As you can see, this approximation states that the value of the function f (x + Δx) is equal to the value of the function f at x plus the slope of the function in x times the distance Δx. If you look at Fig. 27.1, you can see this is identical to putting the tangent to the function in x₀ and extrapolating for a distance Δx. As you can also see, this approximation makes little mistakes if the curve is smooth and the values of Δx are small (see Fig. 27.1a). For more strongly curved functions f and bigger values for Δx, the approximation becomes inexact (see Fig. 27.1b). In this example, the algorithm would predict a lower value of f (x₁) than actually found.

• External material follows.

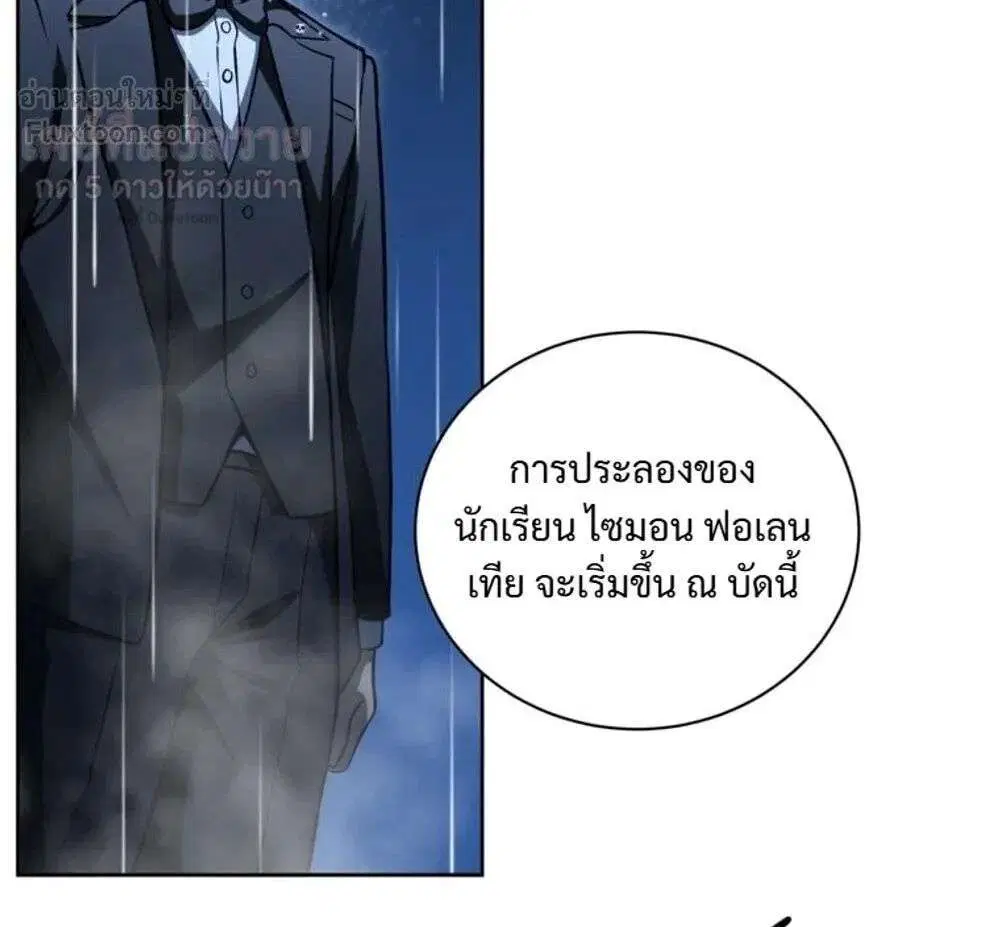 หน้า 3 จาก 46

The Euler method will allow us predicting the (unknown) value of a function f (x₁) at the location x₁, starting from an initial (known or assumed) value f (x₀) at x₀ simply by using the gradient or slope of the function at $\frac{df}{dx}\left(x_0\right)$ at x₀. Once this value has been found, we are able to calculate the unknown value of the function f (x₂) at x₂ from the value of f (x₁) and so forth. By repeating this scheme, we are able to derive the entire function, i.e., the values of the function f (x_i) for different discreet values x_i.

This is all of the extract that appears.